To complement the scattercube display of statistical WWW data and to represent the geographic dispersion of WWW requests, we developed a new display metaphor based on projections of the globe of the Earth. This metaphor is described below.
As Figure 4 shows, the globe consists of a texture map of the world on a sphere. The surface of the sphere includes altitude relief from the USGS ETOP05 database and political boundaries are drawn from the CIA World Map database.
On the globe or its projection, data can be displayed either as arcs between source and destination or as stacked bars. The former can be used to display point-to-point communication traffic [3], with the thickness, height, and color of the arc representing specific data attributes.
Stacked bars convey information through three mechanisms: position, height, and color bands. For WWW traffic, each bar is placed at the geographic origin of a WWW request. As we shall see in the description of our experiences, the bar heights show location-specific attributes of the requests, typically the number of bytes or the number of requests relative to other sites. The bar color bands represent the distribution of document types, domain classes, servers, or time intervals between successive requests.
The HMD version of Avatar includes speech synthesis and recognition hardware for voice-directed commands, and both the HMD and the CAVE versions use six degree of freedom trackers for head and hand (three-dimensional mouse) position location. Voice commands have the benefit that they can be executed at any time, and they do not consume space in the rendered scene. However, they require the user to be familiar with the command vocabulary.

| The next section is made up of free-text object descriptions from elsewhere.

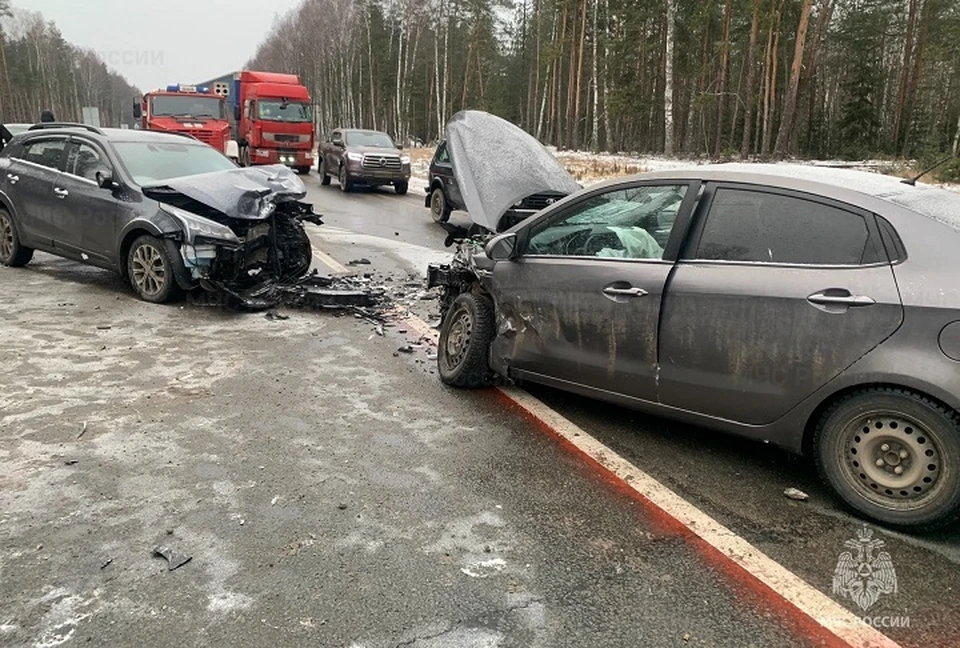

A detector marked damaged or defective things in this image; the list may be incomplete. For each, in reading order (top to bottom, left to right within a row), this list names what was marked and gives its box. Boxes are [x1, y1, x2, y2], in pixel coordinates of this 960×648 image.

damaged gray suv [0, 123, 318, 306]
damaged gray sedan [0, 123, 320, 306]
broken headlight [160, 205, 240, 246]
crumpled hood [142, 165, 306, 220]
crumpled hood [444, 110, 576, 232]
damaged gray suv [432, 162, 960, 532]
damaged gray sedan [432, 163, 960, 532]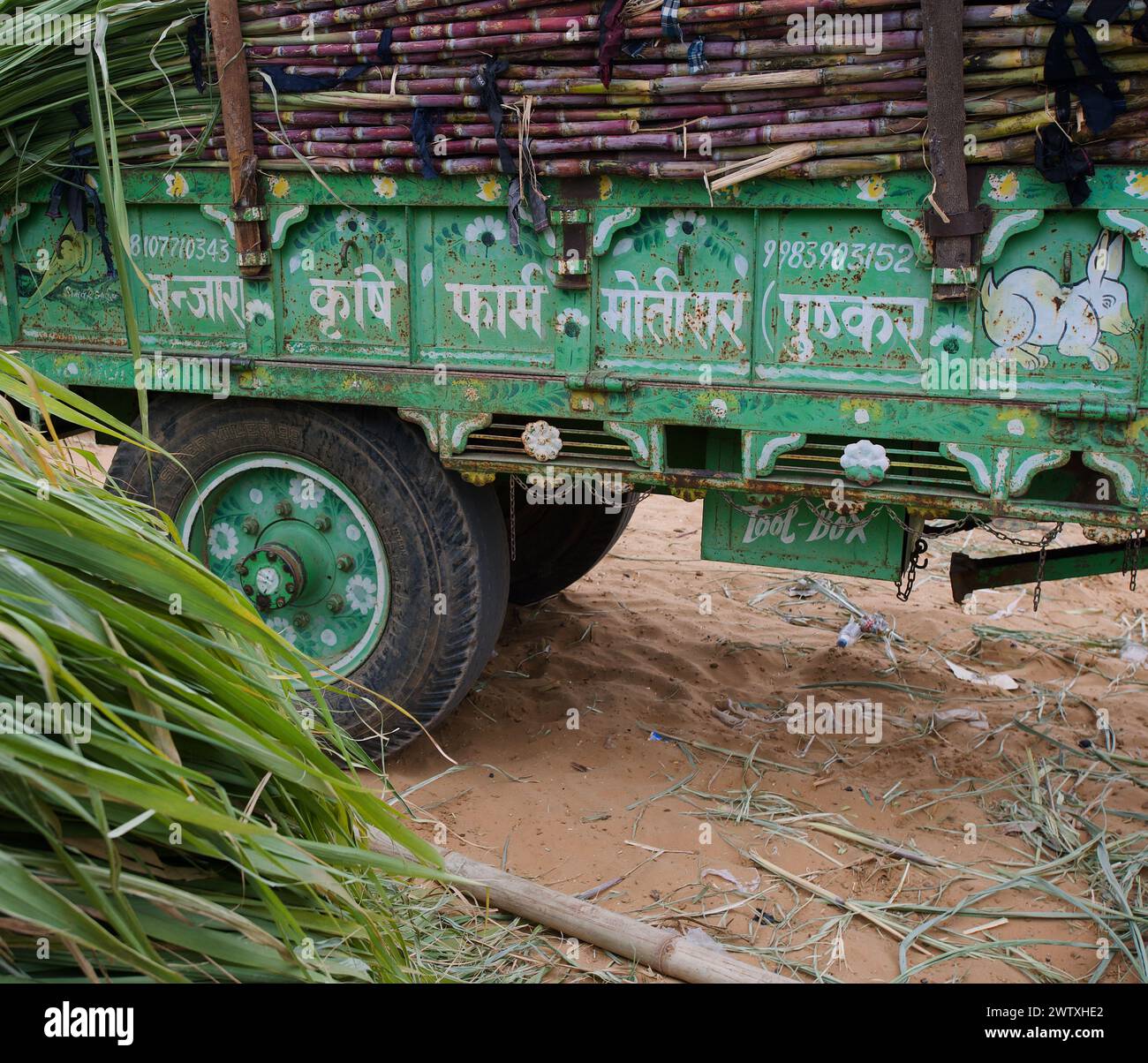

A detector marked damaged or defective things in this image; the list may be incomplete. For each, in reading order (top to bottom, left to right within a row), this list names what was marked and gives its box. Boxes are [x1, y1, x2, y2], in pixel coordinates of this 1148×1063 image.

To support both the CAVE and HMDs, while providing a virtual reality interface familiar to workstation users, the majority of all Avatar controls are realized via a familiar menu-based interface for data analysis and display. Later, we discuss the limitations of this approach. We implemented a library of windows that have labels, buttons, pull-down menus, sliders, and scroll boxes. Users select windows and menu items by pointing the three-dimensional mouse; a cursor drawn on the window indicates where the user is pointing, and audio feedback confirms menu selections. These windows can be moved, opened, and closed via the mouse and can be accessed from any location that has an unobstructed view of the desired window.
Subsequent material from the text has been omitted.